We have the mini and the micro computer. In what semantic niche would the pico computer fall?
Alan Perlis, Epigrams in Programming
The Department of Computer Science was founded by people who had a vision. This vision was how computer science would fit into the unique spirit of Yale University, an institution oriented to an unusual degree around undergraduate education and close interdepartmental collaboration. The Department has always had close ties to mathematics and engineering, but has increasingly experienced collaborations with other disciplines important to Yale, including psychology, linguistics, economics, business, statistics, music, medicine, physics and more. It is through these collaborations that the importance of computer science in a broader sense is best appreciated.

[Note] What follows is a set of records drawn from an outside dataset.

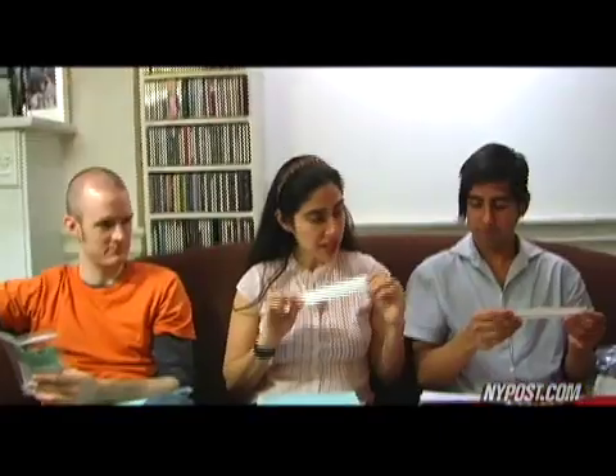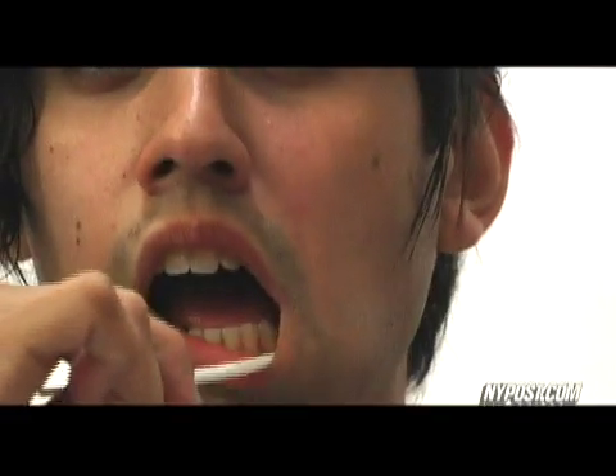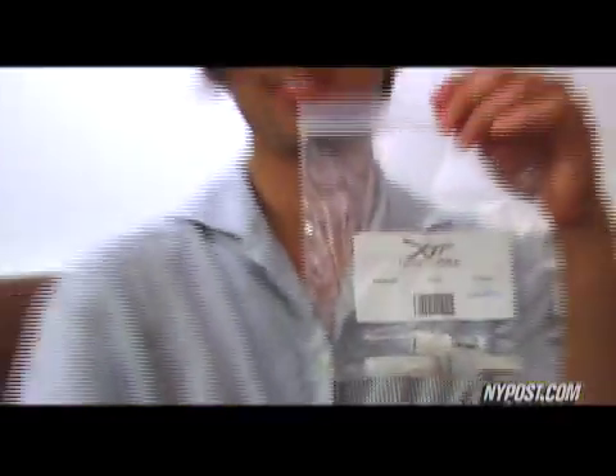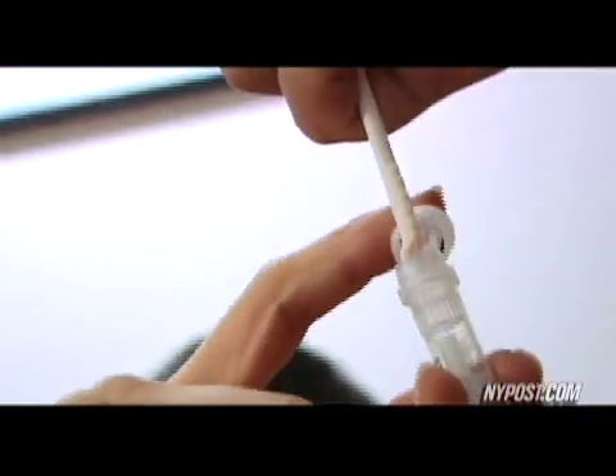What we're going to do is, using the first one of these, we're going to scrape one cheek at a time. When we put it in, this serrated part here — we're going to go all the way up to the top of our gum and cheekbone, and then scrape all the way down to our jawbone. We're going to do that for about a good 30 seconds.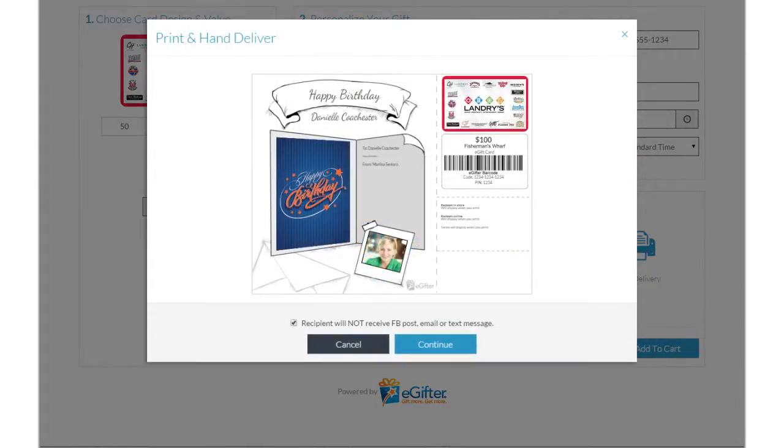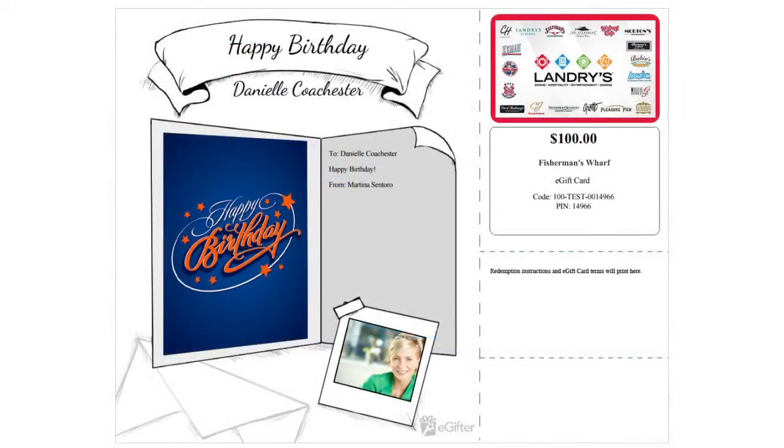When placing your order, you'll be given the option to print a card. Select this option and when your order is complete, you'll have a PDF that you can print and hand deliver to your friend.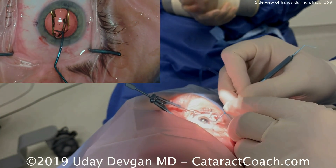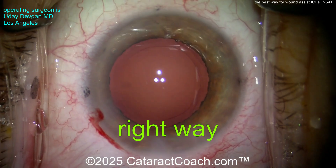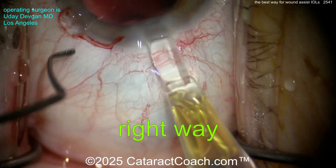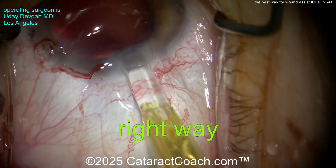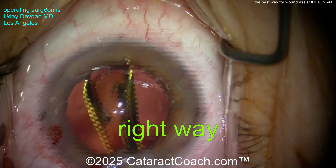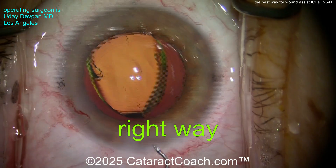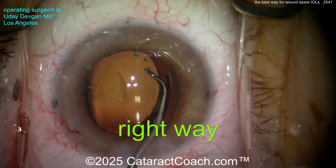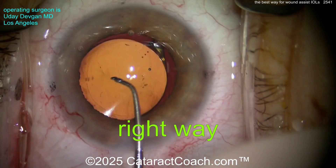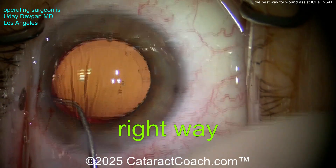The main issue people have is with a two-handed injector, because you can't fixate the eye. So let me show you one last time — the right way. Two-handed injector: get the tip right there against the incision. The eye is a little bit in the nasal canthus, but as soon as the lens starts to go in the eye, bring it back to primary. Get the lens fully delivered while you maintain your view. Remember, this is how you use the incision and do the wound assist, especially with a two-handed injector.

One of the Department’s founders was Alan Perlis, who came to Yale from Carnegie Mellon in the early seventies. As all who knew him can attest, he embodied a rare combination of human warmth and scientific imagination. His long illness and untimely death in 1990 were a blow to the Department. In his honor, the Department inaugurated the annual Alan J. Perlis Symposium in 1992. Every spring, distinguished lecturers are invited to speak on a topic related to computer science, but from the perspective of a wider audience. People from all segments of the Yale community, and many places outside Yale, come to hear about the impact computer science is having on some aspect of their lives. Recent topics include: “Robotics: The Next Millennium,” “Cryptography & Verifiable Computing,” “The Internet Five Years From Now: Will Anybody Care?”, “From the Genome to Artificial Life: The Quest of Computational Biology,” “Vision and Control in Humans and Machines,” “Megamedium: The Convergence of Broadcast, Cable, & Net Technologies,” “Programming Languages: Theory vs. Practice,” and “From Statistics to Chat: Trends in Machine Learning.”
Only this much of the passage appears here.